Problem requirements.
Please repeat, from the entries that follow, the lines from the one containing "Niagara Suspension Bridge." through the one containing "Icone représentant le drapeau du Sénégal" exactly, adding nothing.

Saved entries:
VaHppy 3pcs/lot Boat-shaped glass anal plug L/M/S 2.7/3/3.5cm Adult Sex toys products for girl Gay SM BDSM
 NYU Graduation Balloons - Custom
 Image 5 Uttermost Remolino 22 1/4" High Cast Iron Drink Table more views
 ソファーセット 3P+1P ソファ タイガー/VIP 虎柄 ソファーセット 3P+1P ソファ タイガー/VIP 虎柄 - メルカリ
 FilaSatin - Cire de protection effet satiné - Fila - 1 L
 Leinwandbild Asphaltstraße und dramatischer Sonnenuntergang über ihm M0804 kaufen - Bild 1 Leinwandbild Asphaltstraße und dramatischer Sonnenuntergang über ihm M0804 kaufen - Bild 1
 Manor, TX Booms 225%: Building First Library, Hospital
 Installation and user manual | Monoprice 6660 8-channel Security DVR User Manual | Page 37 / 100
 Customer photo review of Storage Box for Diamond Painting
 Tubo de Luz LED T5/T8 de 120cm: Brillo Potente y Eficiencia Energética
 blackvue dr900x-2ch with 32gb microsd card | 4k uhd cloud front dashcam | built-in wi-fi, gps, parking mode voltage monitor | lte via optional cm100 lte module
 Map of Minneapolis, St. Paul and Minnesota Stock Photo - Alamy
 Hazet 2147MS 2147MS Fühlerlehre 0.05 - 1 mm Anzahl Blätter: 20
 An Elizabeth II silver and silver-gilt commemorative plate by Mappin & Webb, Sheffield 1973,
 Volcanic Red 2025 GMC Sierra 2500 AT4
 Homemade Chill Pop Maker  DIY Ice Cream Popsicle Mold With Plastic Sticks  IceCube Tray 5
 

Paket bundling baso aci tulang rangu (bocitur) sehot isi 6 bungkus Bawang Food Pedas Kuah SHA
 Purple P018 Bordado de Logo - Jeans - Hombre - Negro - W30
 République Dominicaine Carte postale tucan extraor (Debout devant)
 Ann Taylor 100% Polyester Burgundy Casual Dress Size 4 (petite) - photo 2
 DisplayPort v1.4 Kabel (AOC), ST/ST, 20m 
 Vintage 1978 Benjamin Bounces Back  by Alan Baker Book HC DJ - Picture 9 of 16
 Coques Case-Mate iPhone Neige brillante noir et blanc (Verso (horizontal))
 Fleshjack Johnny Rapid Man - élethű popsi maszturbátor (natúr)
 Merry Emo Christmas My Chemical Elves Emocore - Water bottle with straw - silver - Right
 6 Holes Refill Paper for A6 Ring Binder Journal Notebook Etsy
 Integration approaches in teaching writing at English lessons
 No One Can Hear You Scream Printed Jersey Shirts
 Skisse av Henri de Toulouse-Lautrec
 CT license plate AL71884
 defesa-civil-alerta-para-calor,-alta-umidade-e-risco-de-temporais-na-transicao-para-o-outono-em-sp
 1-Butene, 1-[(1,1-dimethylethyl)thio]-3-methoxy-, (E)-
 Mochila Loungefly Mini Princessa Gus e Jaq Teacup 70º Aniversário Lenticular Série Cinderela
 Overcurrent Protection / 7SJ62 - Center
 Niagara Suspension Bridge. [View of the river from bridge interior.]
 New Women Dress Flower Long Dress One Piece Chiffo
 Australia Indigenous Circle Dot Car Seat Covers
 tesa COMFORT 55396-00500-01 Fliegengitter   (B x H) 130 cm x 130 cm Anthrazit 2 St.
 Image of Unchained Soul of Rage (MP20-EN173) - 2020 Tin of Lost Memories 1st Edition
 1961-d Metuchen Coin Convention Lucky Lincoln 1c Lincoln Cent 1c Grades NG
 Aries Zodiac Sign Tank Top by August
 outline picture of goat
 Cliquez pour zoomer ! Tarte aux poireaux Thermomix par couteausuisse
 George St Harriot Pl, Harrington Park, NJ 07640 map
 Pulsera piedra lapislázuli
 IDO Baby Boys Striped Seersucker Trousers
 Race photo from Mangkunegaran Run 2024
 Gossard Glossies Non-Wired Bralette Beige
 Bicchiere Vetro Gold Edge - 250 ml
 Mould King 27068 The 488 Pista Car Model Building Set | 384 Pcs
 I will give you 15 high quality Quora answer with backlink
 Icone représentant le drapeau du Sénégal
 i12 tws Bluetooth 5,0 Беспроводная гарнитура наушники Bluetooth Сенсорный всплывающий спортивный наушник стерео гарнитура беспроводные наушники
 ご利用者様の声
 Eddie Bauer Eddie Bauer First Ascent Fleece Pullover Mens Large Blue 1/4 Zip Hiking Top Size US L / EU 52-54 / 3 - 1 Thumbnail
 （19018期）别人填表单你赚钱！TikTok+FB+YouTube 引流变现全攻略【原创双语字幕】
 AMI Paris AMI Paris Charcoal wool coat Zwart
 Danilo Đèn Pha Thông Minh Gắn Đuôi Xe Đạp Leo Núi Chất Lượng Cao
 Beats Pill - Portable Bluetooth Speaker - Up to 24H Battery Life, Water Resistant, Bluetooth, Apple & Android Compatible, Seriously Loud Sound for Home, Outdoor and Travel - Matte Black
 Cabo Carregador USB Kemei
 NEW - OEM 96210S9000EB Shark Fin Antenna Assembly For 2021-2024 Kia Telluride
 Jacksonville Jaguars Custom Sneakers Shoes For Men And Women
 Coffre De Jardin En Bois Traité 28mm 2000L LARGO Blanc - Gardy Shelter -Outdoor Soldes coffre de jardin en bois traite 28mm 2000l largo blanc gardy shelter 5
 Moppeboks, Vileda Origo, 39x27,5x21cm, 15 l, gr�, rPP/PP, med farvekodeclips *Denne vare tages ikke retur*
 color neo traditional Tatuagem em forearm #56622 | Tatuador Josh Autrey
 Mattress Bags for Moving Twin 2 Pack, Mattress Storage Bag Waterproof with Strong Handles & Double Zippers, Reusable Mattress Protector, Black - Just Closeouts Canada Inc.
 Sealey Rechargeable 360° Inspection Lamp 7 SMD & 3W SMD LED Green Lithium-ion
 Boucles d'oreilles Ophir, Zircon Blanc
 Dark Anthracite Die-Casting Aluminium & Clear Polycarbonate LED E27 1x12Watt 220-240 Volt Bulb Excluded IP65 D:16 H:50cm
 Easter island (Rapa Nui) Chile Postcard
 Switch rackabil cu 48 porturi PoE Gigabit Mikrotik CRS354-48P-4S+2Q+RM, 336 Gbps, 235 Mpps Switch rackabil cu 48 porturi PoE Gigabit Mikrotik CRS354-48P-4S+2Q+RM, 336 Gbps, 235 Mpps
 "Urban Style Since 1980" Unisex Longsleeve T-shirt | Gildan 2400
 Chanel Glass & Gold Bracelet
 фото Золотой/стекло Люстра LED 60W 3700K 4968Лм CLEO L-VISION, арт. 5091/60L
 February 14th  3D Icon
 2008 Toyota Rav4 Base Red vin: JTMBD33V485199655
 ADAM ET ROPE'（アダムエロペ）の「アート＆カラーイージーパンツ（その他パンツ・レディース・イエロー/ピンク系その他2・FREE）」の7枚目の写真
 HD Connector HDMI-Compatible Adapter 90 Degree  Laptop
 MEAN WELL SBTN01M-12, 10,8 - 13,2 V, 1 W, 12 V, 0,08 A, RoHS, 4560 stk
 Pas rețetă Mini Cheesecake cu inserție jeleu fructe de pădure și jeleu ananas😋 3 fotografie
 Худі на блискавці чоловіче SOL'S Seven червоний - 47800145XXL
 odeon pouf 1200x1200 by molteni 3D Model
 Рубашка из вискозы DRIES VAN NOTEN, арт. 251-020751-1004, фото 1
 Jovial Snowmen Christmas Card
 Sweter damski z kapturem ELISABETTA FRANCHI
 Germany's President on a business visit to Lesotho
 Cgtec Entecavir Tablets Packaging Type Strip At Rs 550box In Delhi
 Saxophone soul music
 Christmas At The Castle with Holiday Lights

Answer box.
 Niagara Suspension Bridge. [View of the river from bridge interior.]
 New Women Dress Flower Long Dress One Piece Chiffo
 Australia Indigenous Circle Dot Car Seat Covers
 tesa COMFORT 55396-00500-01 Fliegengitter   (B x H) 130 cm x 130 cm Anthrazit 2 St.
 Image of Unchained Soul of Rage (MP20-EN173) - 2020 Tin of Lost Memories 1st Edition
 1961-d Metuchen Coin Convention Lucky Lincoln 1c Lincoln Cent 1c Grades NG
 Aries Zodiac Sign Tank Top by August
 outline picture of goat
 Cliquez pour zoomer ! Tarte aux poireaux Thermomix par couteausuisse
 George St Harriot Pl, Harrington Park, NJ 07640 map
 Pulsera piedra lapislázuli
 IDO Baby Boys Striped Seersucker Trousers
 Race photo from Mangkunegaran Run 2024
 Gossard Glossies Non-Wired Bralette Beige
 Bicchiere Vetro Gold Edge - 250 ml
 Mould King 27068 The 488 Pista Car Model Building Set | 384 Pcs
 I will give you 15 high quality Quora answer with backlink
 Icone représentant le drapeau du Sénégal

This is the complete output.